*BRIEF*
What you should give back is a precise copy of the lines below from the one containing "Gastone de' Medici, Palazzo" through the one containing "BMW 3 Series 2.0 330I M Sport Auto 4dr 3", with no pictures.

*AVAILABLE DATA*

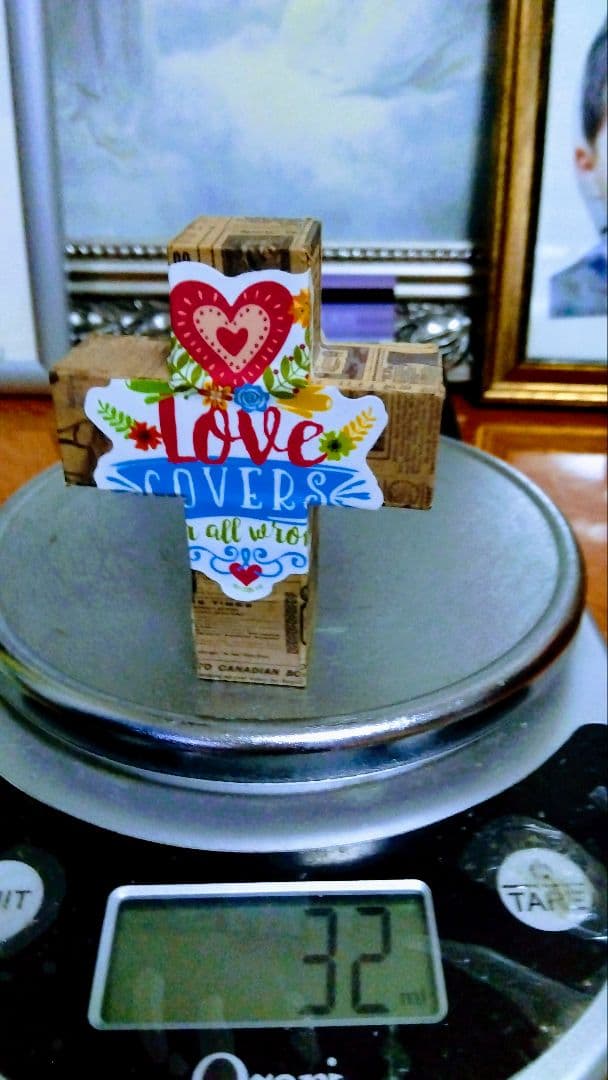 入手困難.ペテロの置物．高さ15センチ位．十字架付きます - メルカリ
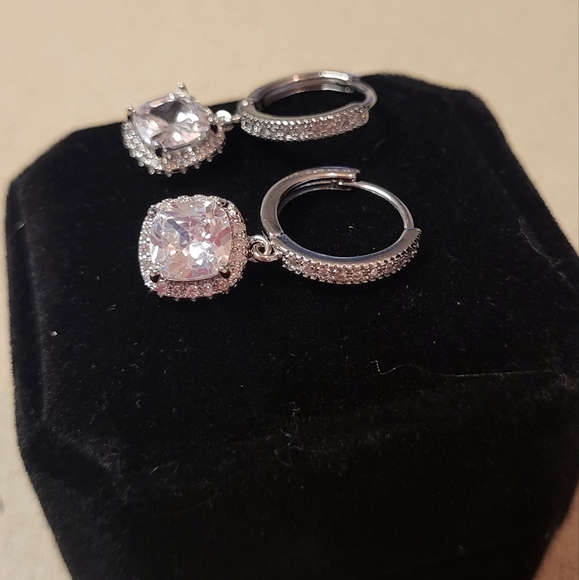 Sparkly dainty silver plated earrings - Picture 3 of 3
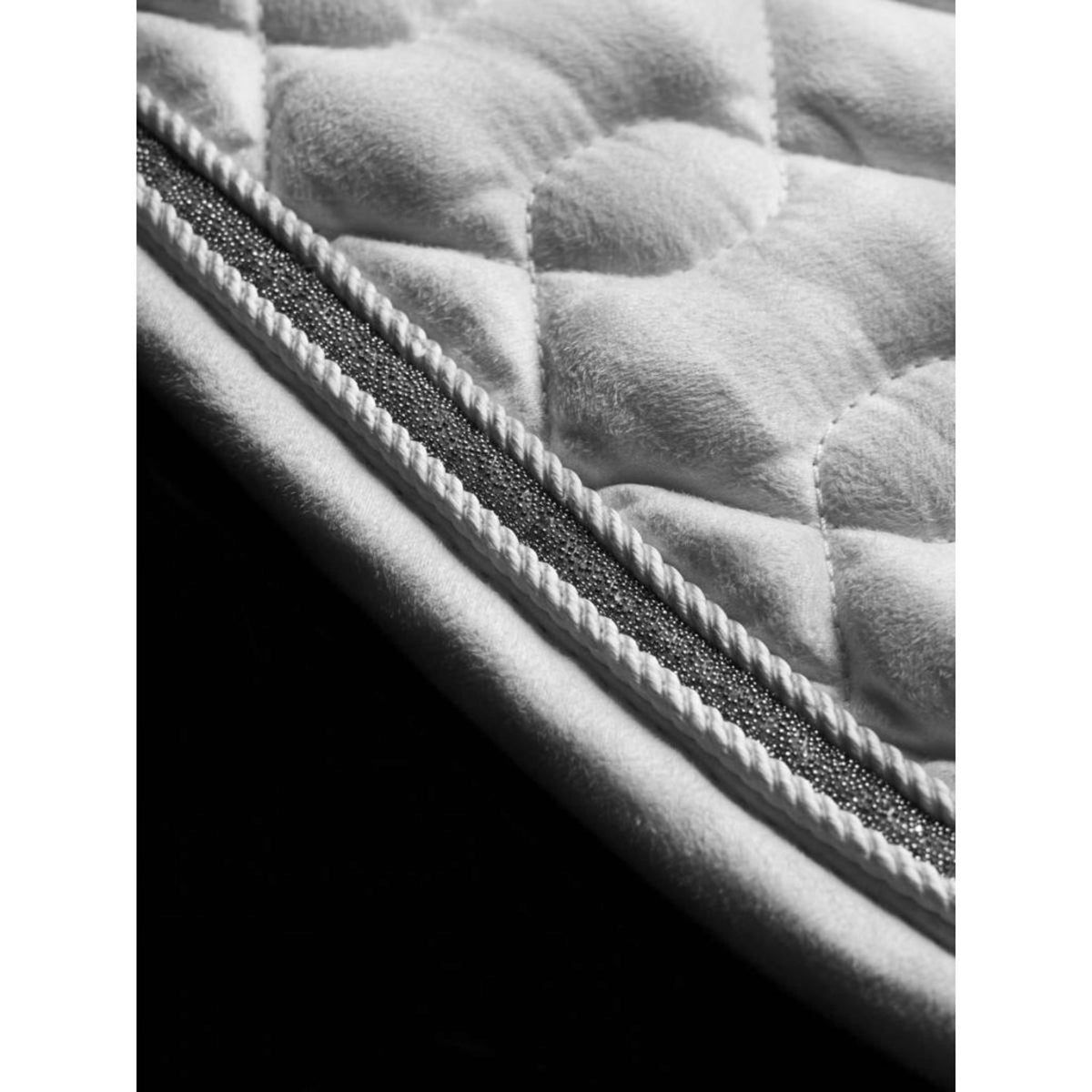 LeMieux Tapis de Selle Crystal Contact étroit en daim Blanc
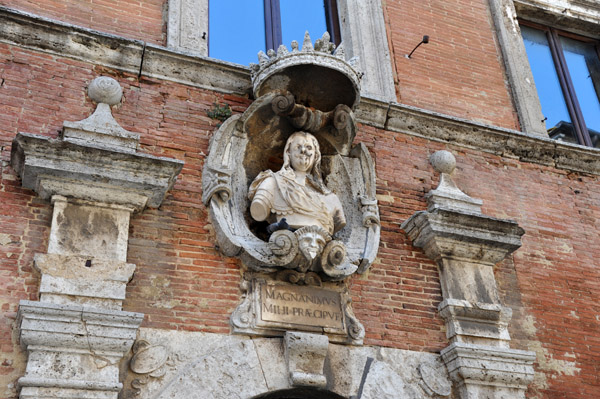 Gastone de' Medici, Palazzo del Capitano, Piazza di S. Francisco, Montepulciano 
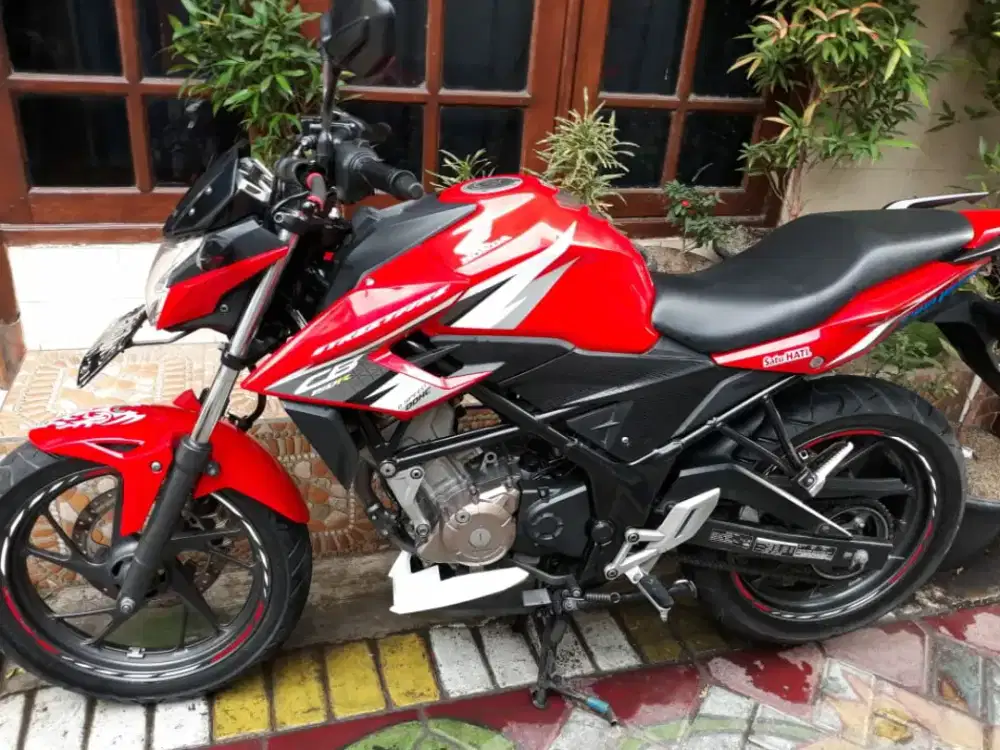 CB 150R th 2019 mulus pjk baru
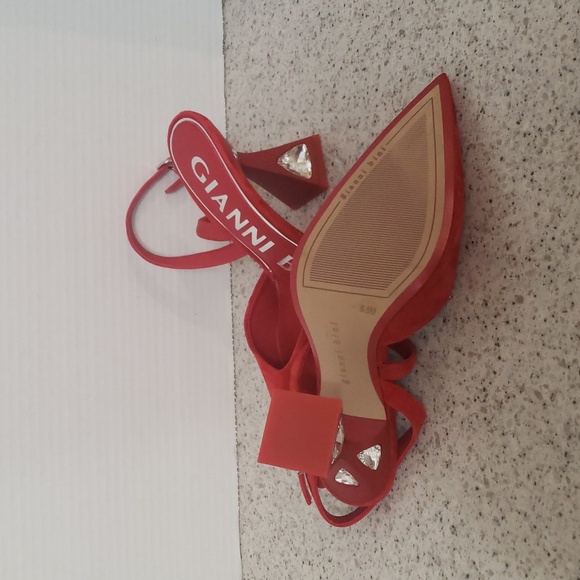 Gianni Bini Tallia Red Suede Asymmetrical Jewel Embellished Pumps SZ 6.5‎ NEW - Picture 8 of 9
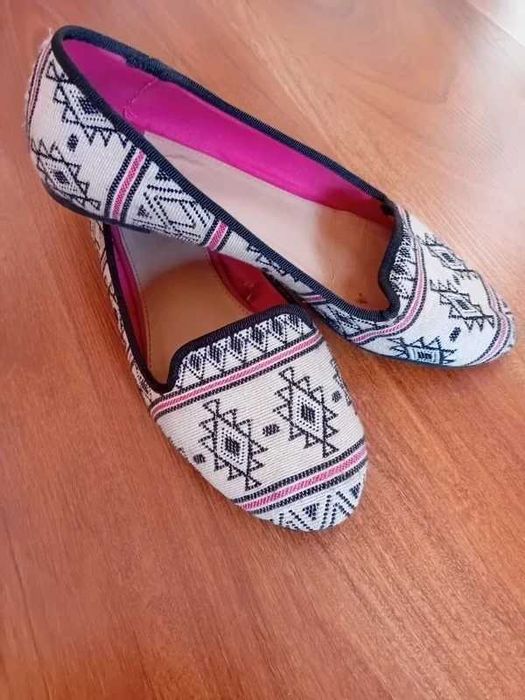 Baleriny lordsy Pull&Bear 38 etno azteckie wzory fuksja loafersy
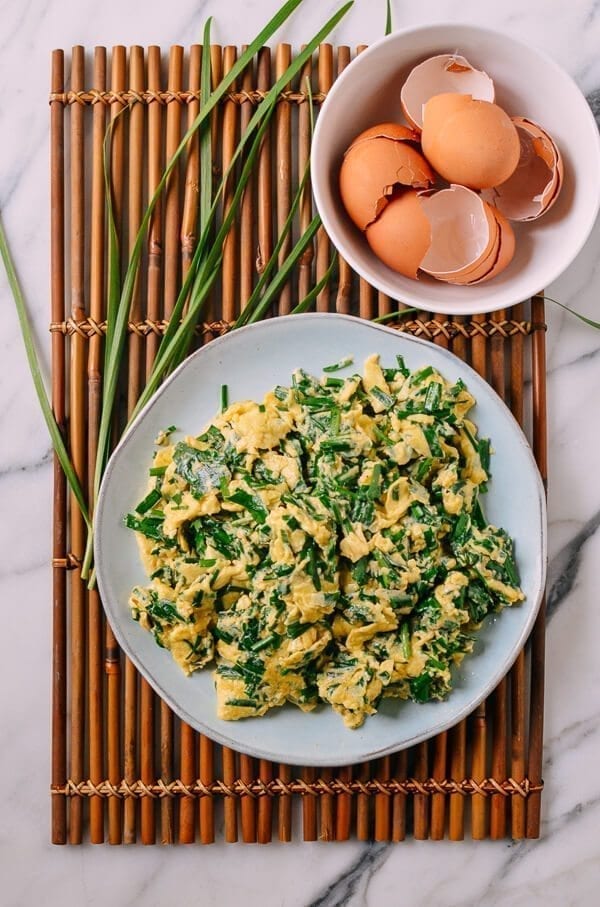 Chinese Chives & Eggs Stir Fry, by cwww5.fioekdjsdas.cf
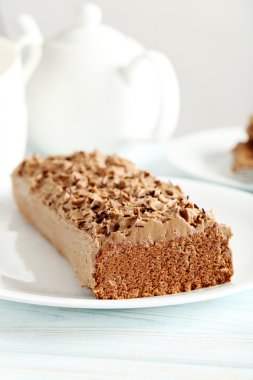 pastel de chocolate sobre fondo de madera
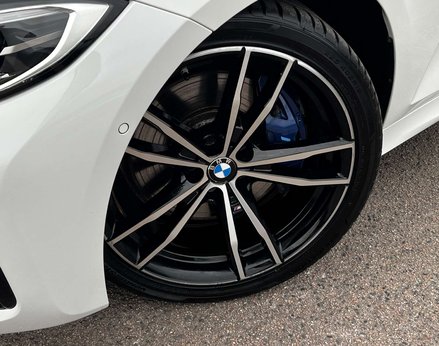 BMW 3 Series 2.0 330I M Sport Auto 4dr 3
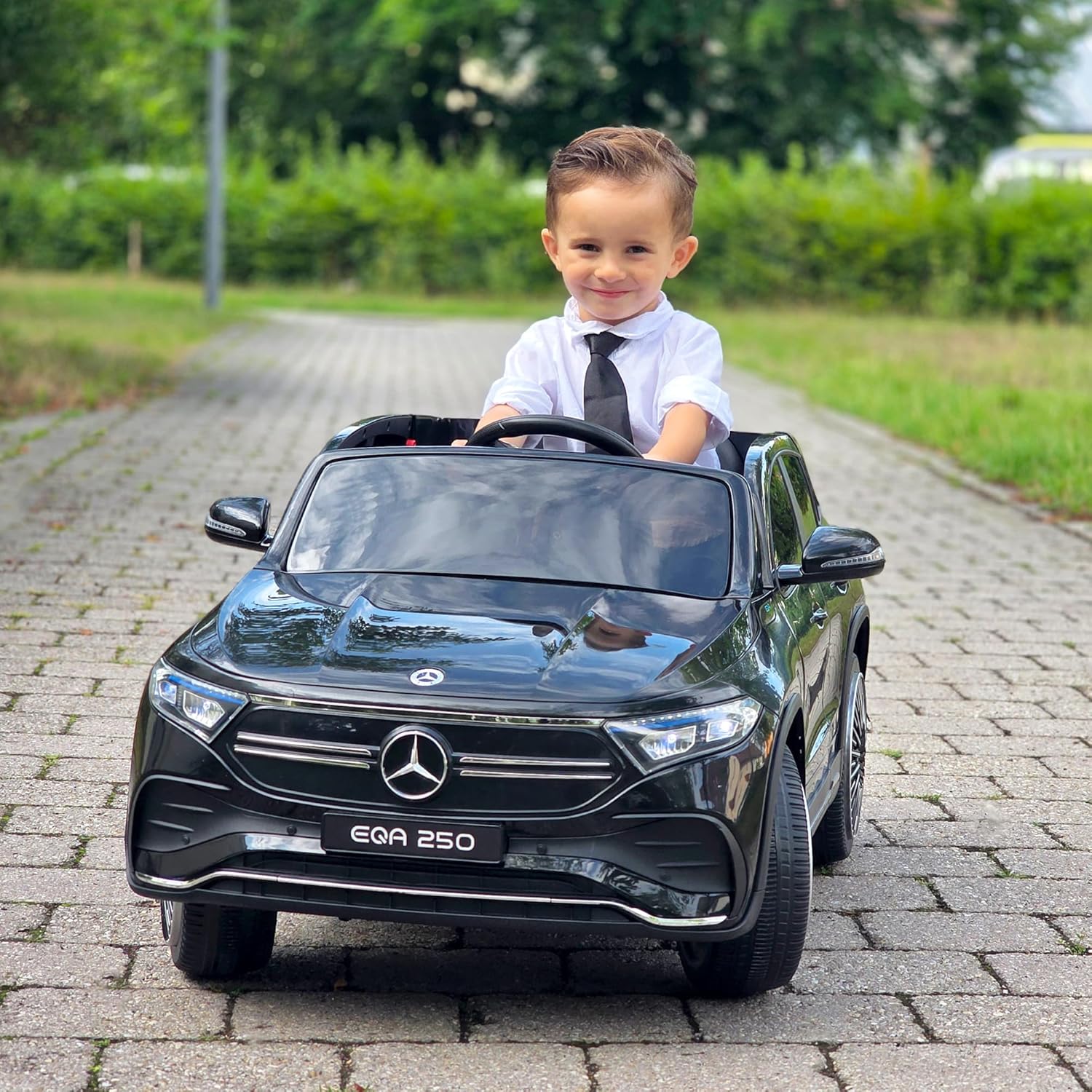 HOMCOM Kinder Elektroauto Mercedes-Benz EQA 12V Elektro Kinderauto mit 2,4GHz Fernbedienung, Elektrofahrzeug mit Doppelmotor, MP3, Scheinwerfer, 3-8 km/h Kinderfahrzeug für 3-8 Jahre, Schwarz — Ansicht 2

*OUTPUT OF THE EXERCISE*
 Gastone de' Medici, Palazzo del Capitano, Piazza di S. Francisco, Montepulciano 
 CB 150R th 2019 mulus pjk baru
 Gianni Bini Tallia Red Suede Asymmetrical Jewel Embellished Pumps SZ 6.5‎ NEW - Picture 8 of 9
 Baleriny lordsy Pull&Bear 38 etno azteckie wzory fuksja loafersy
 Chinese Chives & Eggs Stir Fry, by cwww5.fioekdjsdas.cf
 pastel de chocolate sobre fondo de madera
 BMW 3 Series 2.0 330I M Sport Auto 4dr 3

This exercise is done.